‘The Garden Party’ by Katherine Mansfield

I always think of ‘The Garden Party’ as a perfect story of epiphany. Like Joyce’s ‘Araby’, it introduces its protagonist in place, time and milieu, and ends at the moment she learns a new and irreversible lesson about the world, a lesson that does not need to be named outright because the story up to that point has carefully made the substance of that epiphany legible:

‘Isn’t life,’ she stammered, ‘isn’t life—’ But what life was she couldn’t explain. No matter. He quite understood.

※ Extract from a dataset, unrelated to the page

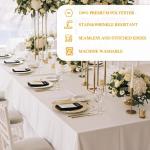 WIGENIUS 6 Pack White Table Cloth Rectangle Tablecloths 60X102 Inch,Polyester Table Cloth for 6 Foot Rectangle Tables,Wrinkle Resistant Washable Fabric Table Covers for Party,Wedding Banquet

Isn’t it, darling?’ said Laurie.’

When I first read this story 10 years ago, I understood Laura’s epiphany to be about death – the accidental death of a working-class neighbour on the day of her family’s garden party causes the young protagonist to realise that death looms over life and that she too will die one day – and missed the extent to which the story is about her burgeoning class-consciousness. From the beginning of the story, when she is sent out to instruct the workmen assembling the marquee and disarmed by their friendliness, to the end, when she has to confront the squalid living conditions of her neighbours, the story is about her coming to understand not only that death always looms over life, nor that some people live well at the expense of others living poorly, but that death looms more closely and meanly over the lives of the poor than over those of the wealthy.